What i did notice the megs dried the panel about 5x faster and worked into the paint making it much much nicer to use, the slickness is, well amazing, you notice this next wash you almost drop your microfibre, the sonax you kinda spread and walk away and leaves no nice feel.

Megs dont buy retail twice, instead if you like it get the big 3.8l tub of Xpress wax, same ingrediants for the cost of 2 retail sprays

Im testing dodo juice this week as they do bulk for cheap too.

Looks wise sonax brings out my scratches, the megs hides them more.

I like one for summer one for winter as i dry down.

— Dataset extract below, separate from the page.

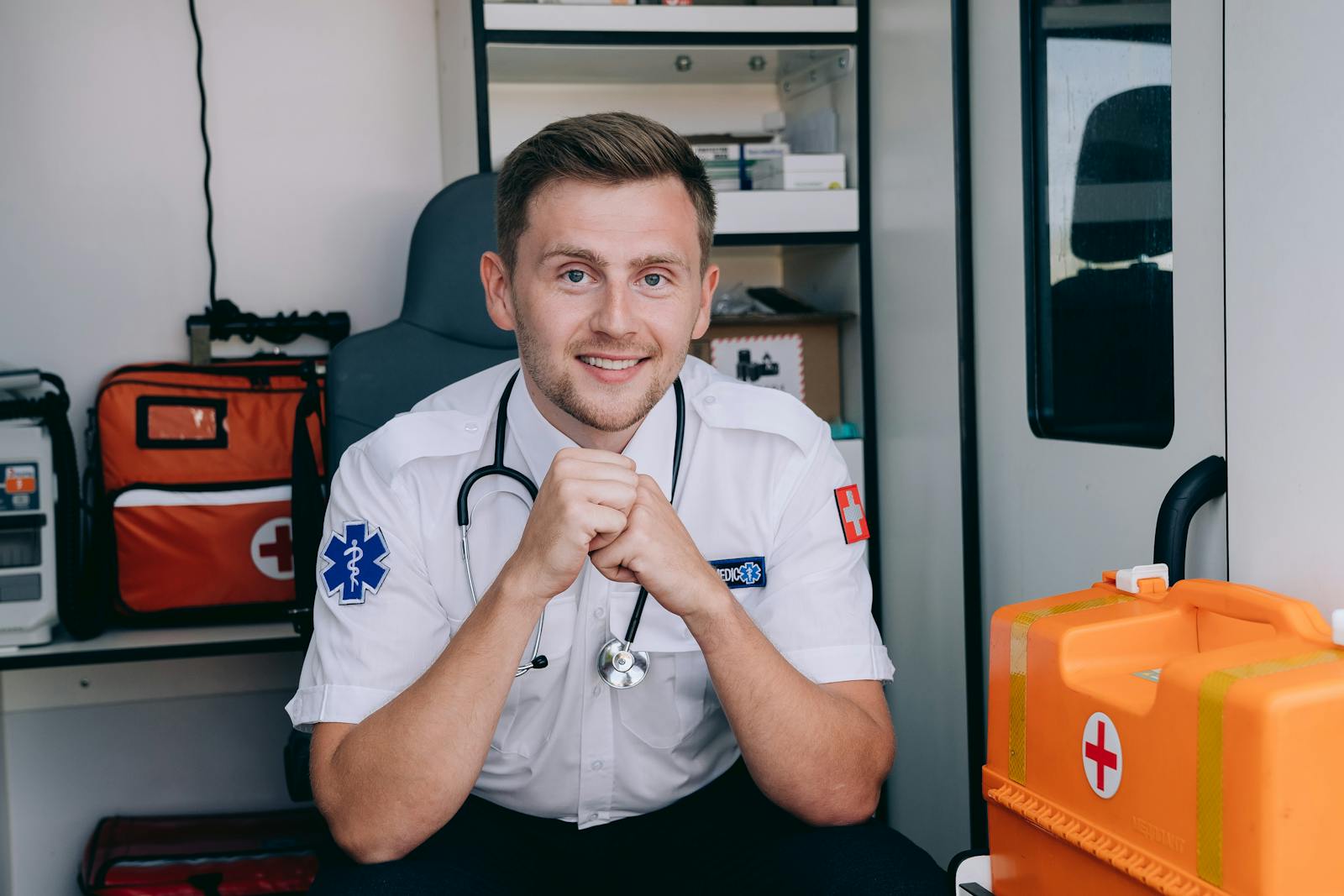 A Paramedic Smiling while Sitting inside an Ambulance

One last thing, shout out to Demon Shine - I used it all winter (when washing is more a chore than fun) and bought their trade version (car plan hi rinse) for £9 for 5 litres ( i bought 10 litres!), you can dilute and spray it everywhere and makes a great budget drying aid, costing literally 2p - ingrediants its silicone and fragrance in a tub, but people love it, no protection but thats not a problem if you have a wax already. Ive diluted it downt to what they suggest (a glug in 5 litres) and it works amazing so it could literally last you years. I always have some as backup.


----------



## SuperchargedLlama (Apr 25, 2008)

NorthantsPete said:


> Yes - its good. SOme dont get on with it or whing oe streaking - never had that, can only imagine they are doing somethign wrong or there is grease on the paint.


The streaking seems to be from too much product or applying a hot panel from what I've been reading (and from Forensic Detailing's tests).


----------



## NorthantsPete (May 18, 2016)

Mother-Goose said:


> The streaking seems to be from too much product or applying a hot panel from what I've been reading (and from Forensic Detailing's tests).


yet i just did mine in 38 degree heat... im wlays on hot panels... liek you say too much probably, less is more in this case


----------